Ce malaise profond explique aujourd’hui que des voix africaines des quatre régions du continent se lèvent et affirment leur refus en disant un «Non» massif et franc à la politique française en Afrique. La rue africaine suit le mouvement et les populations accusent la France de leurs déboires, de leur précarité, de son soutien aux régimes tyranniques, d’avoir fermé les yeux sur les exactions et les dérives de plusieurs régimes soutenus par Paris malgré les faits, qui même camouflés restent des faits. Ce n’est pas anodin qu’au Burkina, on change le nom de l’avenue Charles De Gaulle par Thomas Sankara. Tout un symbole pour ces Africains qui disent : «Ça suffit». Mais la France est-elle capable d’entendre la voix de la raison face aux réalités africaines d’aujourd’hui.

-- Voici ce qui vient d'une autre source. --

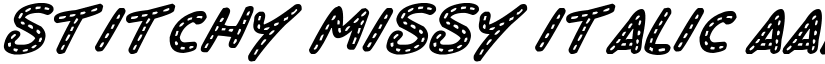 Stitchy Missy Italic font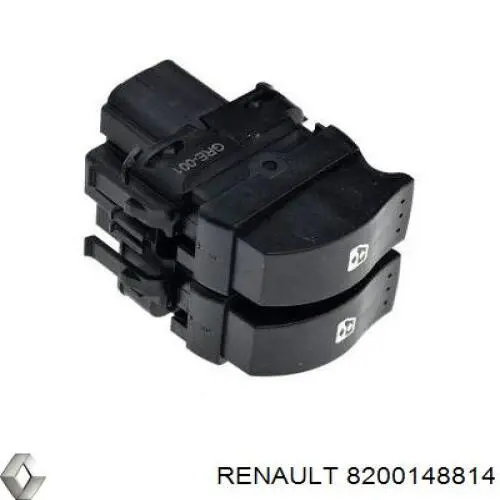 Кнопочный блок управления стеклоподъемником передний левый 8200148814 Renault (RVI)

Une Afrique qui veut des partenariats et refuse les aides. Une Afrique qui veut que l’on traite avec elle d’égal à égal. Une Afrique qui veut bien tourner la page noire des colonialismes, mais qui n’oublie pas. Cependant, il ne faut pas perdre de vue dans cette équation à plusieurs degrés que la France est au pied du mur. Elle traverse sa pire crise économique depuis plus de vingt ans, avec la grogne sociale qui monte au créneau, avec des scandales politiques, avec une crise énergétique majeure, le tout sous-tendu par une récession que l’on tente de colmater en bricolant dans l’incurable. C’est dans ce sens que Paris s’acharne, contre toute logique et bon sens, à vouloir grignoter le maximum possible avant de se faire éjecter définitivement de l’Afrique. Cela rejoint les paroles de Jared Diamond, dans «Effondrement» : «Des économistes justifient rationnellement ce souci exclusif des profits à court terme en arguant qu’il est peut-être de meilleur aloi de récolter une ressource aujourd’hui que demain, dès lors que les profits d’aujourd’hui peuvent être investis et que les intérêts de cet investissement entre aujourd’hui et demain tendent à rendre la récolte d’aujourd’hui plus valable que celle de demain. Quitte à ce que les conséquences néfastes soient supportées par la génération à venir, qui, par définition, n’est pas encore ici pour faire droit à une prospective à long terme.»